How to solve this Initial boundary value PDE problem? [SOLVED]

Question

Today I came across a question on PDE which makes me really frustrating.

The question is to solve this initial boundary value problem using method of separation variables:

$$u_{tt}=9u_{xx}\text{ for } x>0, t>0$$

$$u(x,0)=x^2 ,\ u_t(x,0)=e^{-x} \text{ for } x>0$$

$$u(0,t)=0 \text{ for }t>0$$

Given answer: $u(x,t)=x^2+9t^2+\dfrac{1}{3}e^{-x}\sinh3t$ for $x-3t>0$

$$u(x,t)=\begin{cases}x^2+9t^2+\dfrac{1}{3}e^{-x}\sinh3t&x-3t>0\\x^2+9t^2+\dfrac{1}{3}e^{-3t}\sinh x&x-3t<0\end{cases}$$

I really dont know how to solve this question because they only provide 1 boundary condition only.

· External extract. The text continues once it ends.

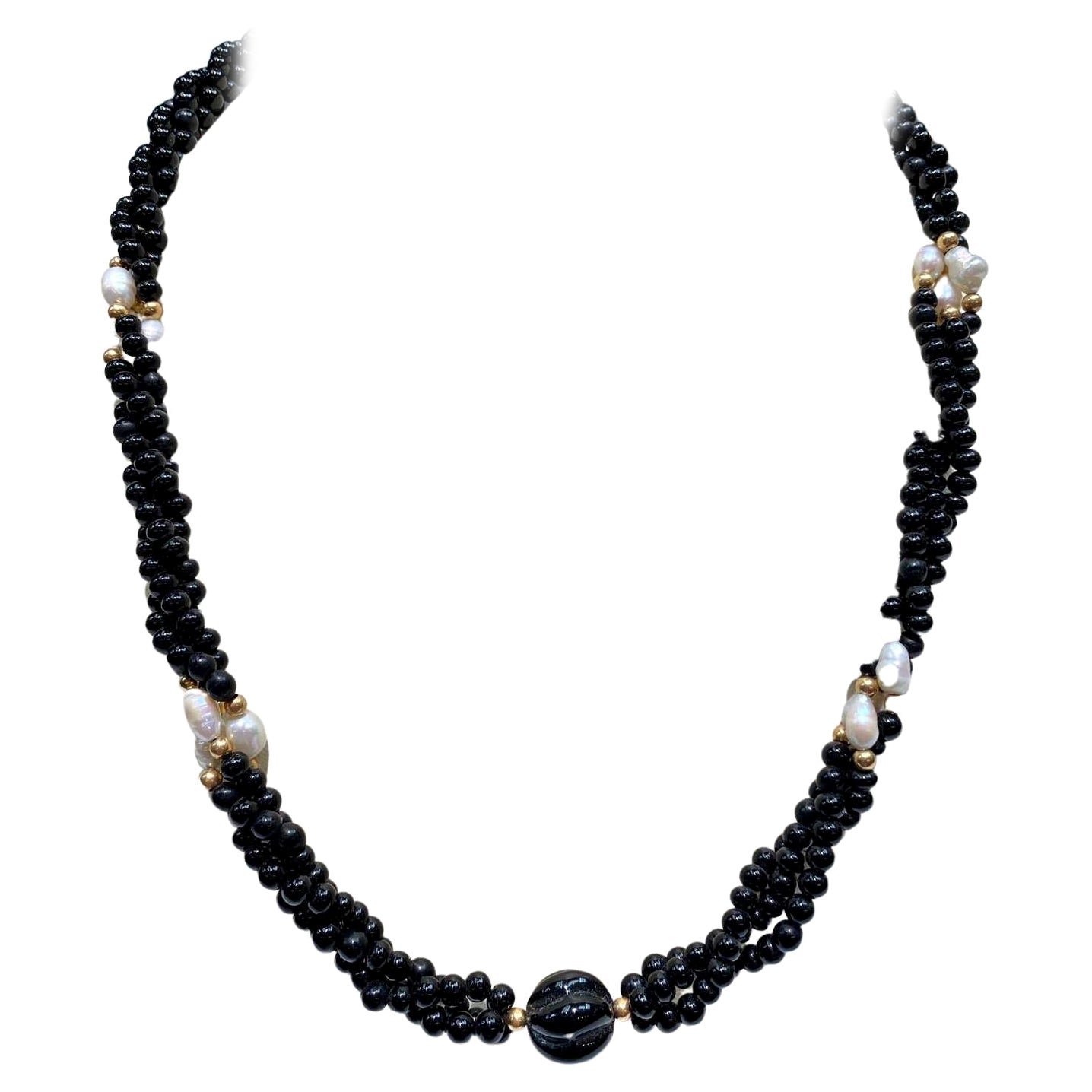 3 Strands of Onyx Pearls with 8pcs of Freshwater Pearls and Onyx Centerpiece For Sale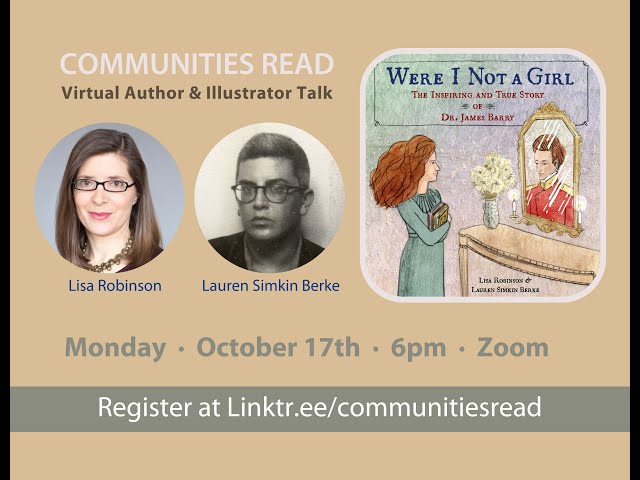 Communities Read Were I Not Girl: A Virtual Author & Illustrator Talk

Could someone please show some workings on this problem so that I can undesrtand clearly. Furthermore, I dont have example of this question in my textbook. And my teacher also not able to do it because he said he is not good in PDE chapter. Im really dead now because no one able to help me and my friends also not sure about this. So please please help me to solve this only question so that I can use this solution as reference to solve my other PDEs problems by my ownself.

Lastly, if you can help me, I will really be very grateful to you.

Answer 1

Note that when without the condition $u(0,t)=0$ this is in fact a just-determining problem and the solution can be expressed by using D’Alembert’s formula $u(x,t)=\dfrac{(x+3t)^2+(x-3t)^2}{2}+\dfrac{1}{6}\int_{x-3t}^{x+3t}e^{-s}~ds=\dfrac{x^2+6xt+9t^2+x^2-6xt+9t^2}{2}-\dfrac{1}{6}[e^{-s}]_{x-3t}^{x+3t}=\dfrac{2x^2+18t^2}{2}-\dfrac{e^{-x-3t}-e^{-x+3t}}{6}=x^2+9t^2+\dfrac{e^{-x}\sinh3t}{3}$

Check for $u(0,t)$ :

$u(0,t)=9t^2+\dfrac{\sinh3t}{3}\neq0$

$\therefore$ We should need to use the result in http://eqworld.ipmnet.ru/en/solutions/lpde/lpde201.pdf:

The solution is $u(x,t)=\begin{cases}\dfrac{(x+3t)^2+(x-3t)^2}{2}+\dfrac{1}{6}\int_{x-3t}^{x+3t}e^{-s}~ds&\text{when}~x-3t>0\\\dfrac{(x+3t)^2-(3t-x)^2}{2}+\dfrac{1}{6}\int_{3t-x}^{x+3t}e^{-s}~ds&\text{when}~x-3t<0\end{cases}=\begin{cases}\dfrac{x^2+6xt+9t^2+x^2-6xt+9t^2}{2}-\dfrac{1}{6}[e^{-s}]_{x-3t}^{x+3t}&\text{when}~x-3t>0\\\dfrac{x^2+6xt+9t^2-(9t^2-6xt+x^2)}{2}-\dfrac{1}{6}[e^{-s}]_{3t-x}^{x+3t}&\text{when}~x-3t<0\end{cases}=\begin{cases}\dfrac{2x^2+18t^2}{2}-\dfrac{e^{-x-3t}-e^{-x+3t}}{6}&\text{when}~x-3t>0\\\dfrac{12xt}{2}-\dfrac{e^{-x-3t}-e^{-3t+x}}{6}&\text{when}~x-3t<0\end{cases}=\begin{cases}x^2+9t^2+\dfrac{e^{-x}\sinh3t}{3}&\text{when}~x-3t>0\\6xt+\dfrac{e^{-3t}\sinh x}{3}&\text{when}~x-3t<0\end{cases}$